If I’m being particularly lazy, sometimes I just check off the birds on the
checklist and tape it into that day’s page in the notebook.
To be honest, I’ve been lazy about keeping my own lists for
several years, and I’ve had lots and lots of enjoyable birding experiences
without them. But when I look back, I can’t remember specific experiences when
I didn’t keep notes, while I can thumb through pages of my notebooks from the
70s and vividly recall those lovely experiences. The more details I wrote down,
the more fully I can recall the day and the birds, but even when I just
recorded a few general notes about the day and jotted down my list without any other
details, it’s surprising and gratifying to realize how much I can recall. Now I
do take photos of most of the birds I see, which in some ways is even better at
jogging happy memories, but I find it most satisfying to remember those
photographed birds in context via my trusty field notebooks.
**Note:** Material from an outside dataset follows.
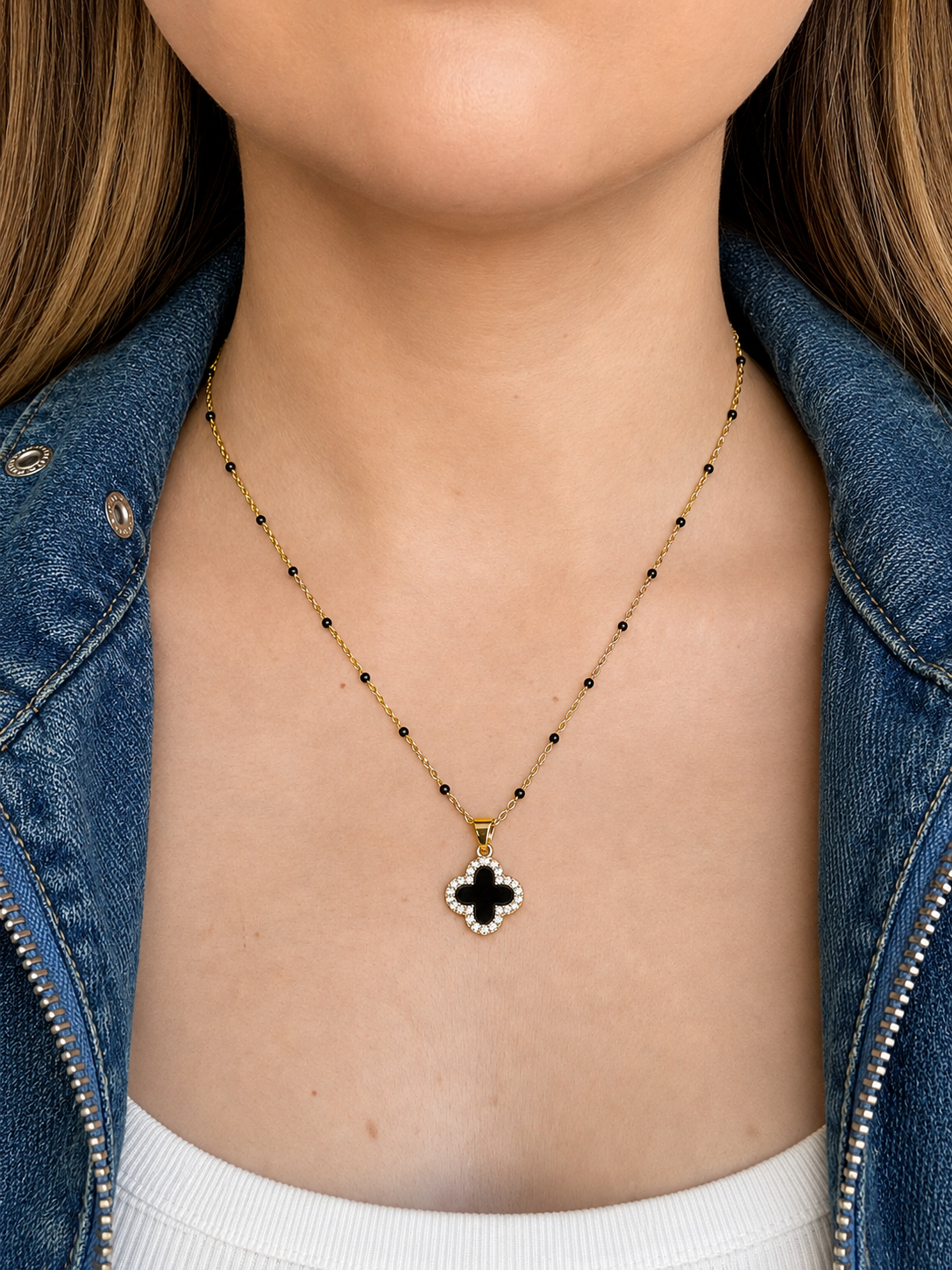COLLAR TRÉBOL NEGRO ORO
So, just in time for my 2013 Conservation Big Year, I’m
getting back into the habit of being diligent about my field notebook again. I
hope you have as much fun keeping your notebook as I’ve had, and will once
again have, with mine.
(For those of us who submit to eBird, our field notebook can provide the data for us to submit checklists, too.)
(For those of us who submit to eBird, our field notebook can provide the data for us to submit checklists, too.)
Keeping a Life List
If we do keep track of the birds we see each day in a field notebook, is there any
good reason why we should also keep a lifelist? If you mark each species you’ve
seen into your field guide, a checklist of birds of your state or country, bird listing software, or eBird, you can’t help but notice the empty spaces for birds you
haven’t yet seen. I don’t like being reminded of all the birds I missed when
looking back on specific birding experiences, but I do like being
reminded of all the birds I’ve yet to see—my personal bucket list. Each bird
we’ve already seen represents at least one exciting moment in our past, and
each one we’ve yet to see is a promise of an exciting moment in our future.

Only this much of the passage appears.